## ASSIGNMENT
In the data below, find the line with "Cowboy Rider Memorial" and the line with "WICKEY Kinderschaukel Schaukelgestell", then restate both and every line between them exactly, minus the pictures.

## TASK DATA
-*-*-
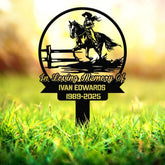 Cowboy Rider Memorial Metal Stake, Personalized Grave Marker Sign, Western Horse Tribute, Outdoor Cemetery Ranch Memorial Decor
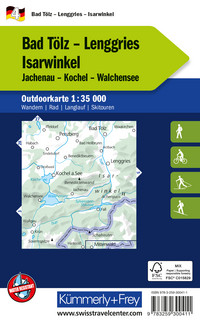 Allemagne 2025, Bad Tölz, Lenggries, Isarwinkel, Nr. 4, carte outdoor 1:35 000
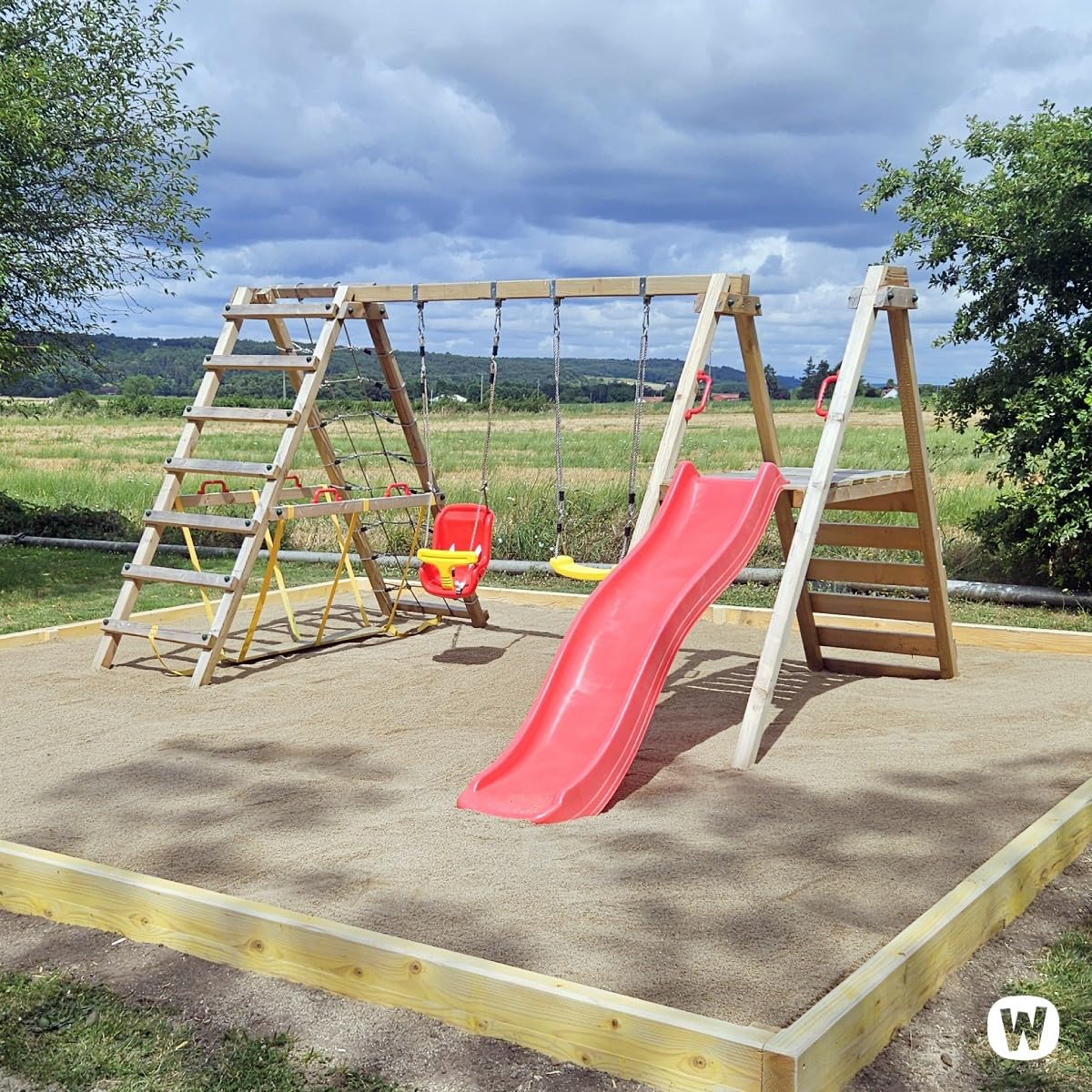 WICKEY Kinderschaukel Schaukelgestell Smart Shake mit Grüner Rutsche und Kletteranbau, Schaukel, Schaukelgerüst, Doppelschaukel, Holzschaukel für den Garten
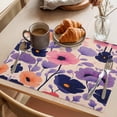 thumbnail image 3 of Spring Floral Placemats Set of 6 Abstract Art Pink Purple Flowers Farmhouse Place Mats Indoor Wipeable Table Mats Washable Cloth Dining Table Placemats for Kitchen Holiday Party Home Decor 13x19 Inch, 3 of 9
-*-*-
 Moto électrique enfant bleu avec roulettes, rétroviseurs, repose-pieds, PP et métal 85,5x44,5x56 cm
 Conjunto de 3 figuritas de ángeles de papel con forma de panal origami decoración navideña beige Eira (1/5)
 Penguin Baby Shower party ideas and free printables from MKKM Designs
-*-*-
## REPLY
 Cowboy Rider Memorial Metal Stake, Personalized Grave Marker Sign, Western Horse Tribute, Outdoor Cemetery Ranch Memorial Decor
 Allemagne 2025, Bad Tölz, Lenggries, Isarwinkel, Nr. 4, carte outdoor 1:35 000
 WICKEY Kinderschaukel Schaukelgestell Smart Shake mit Grüner Rutsche und Kletteranbau, Schaukel, Schaukelgerüst, Doppelschaukel, Holzschaukel für den Garten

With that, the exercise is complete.